The Dow Jones Industrial Average posted its worst week in history this week.
The average had its worst week on record in both point and percentage terms, as did the Standard & Poor’s 500 index.
The Dow Jones Industrial Average, after starting the day down more than 700 points, finished down only 128 points, but it was one wild road in between.
Over the last eight days, the Dow has lost just under 2400 points.
As for airline stocks, it was also a volatile mix today as several airlines stocks posted record-breaking one-day gains. But we had some losers in the bunch as well.
On the huge plus side for the day, shares of Republic Holdings picked up a whopping 29% today. Yes, you read that correctly. Shares here closed at 8.94.
But wait — we had one airline stock do even better. Shares of Alaska Air Group shot up 31% on the day, closing at 18.80.
Shares of US Airways also had a great day, as shares here were up 27%, closing at 4.60.
AMR, parent of American Airlines saw their shares pick up 20%, closing at 8 bucks even.
AirTran also had a good day, as shares here picked up a nice 18%, closing at 1.96.
Shares of SkyWest didn’t have a bad day either, as shares here shot up 17%, closing at 13.75.
On the loser side, we really just had a small handful of notable drops for the day.
Shares of Pinnacle were down 10%, closing at 2.37, while shares of Mesa dropped back 15%, closing at 25 cents.
Embraer and Bombardier didn’t have good days either — not surprising considering the action in the market as a whole.
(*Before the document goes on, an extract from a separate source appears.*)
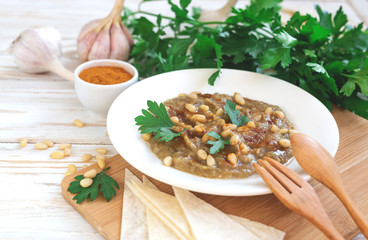 Baba ganoush - traditional arabian eggplant dip with flat bread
Embraer shares closed down 8%, ending the week at 17.20, while shares of Bombardier closed down 16%, ending the week at 3.50.
And, last, but by no means least — where did crude and jet fuel end up today?
Crude futures closed at 77.70, down 8.89 on the day, while the average spot price for jet fuel closed at 2.33, down 21 cents on the day.
Taken by itself, this would be great news for the things with wings.
Unfortunately, there is that elephant that is blocking the view to the nice new HD flatscreen — the rest of the financial/economic mess on a worldwide basis and the recognition, finally, that no, this is not just a little “subprime” mortgage problem centered in California, Arizona and Florida.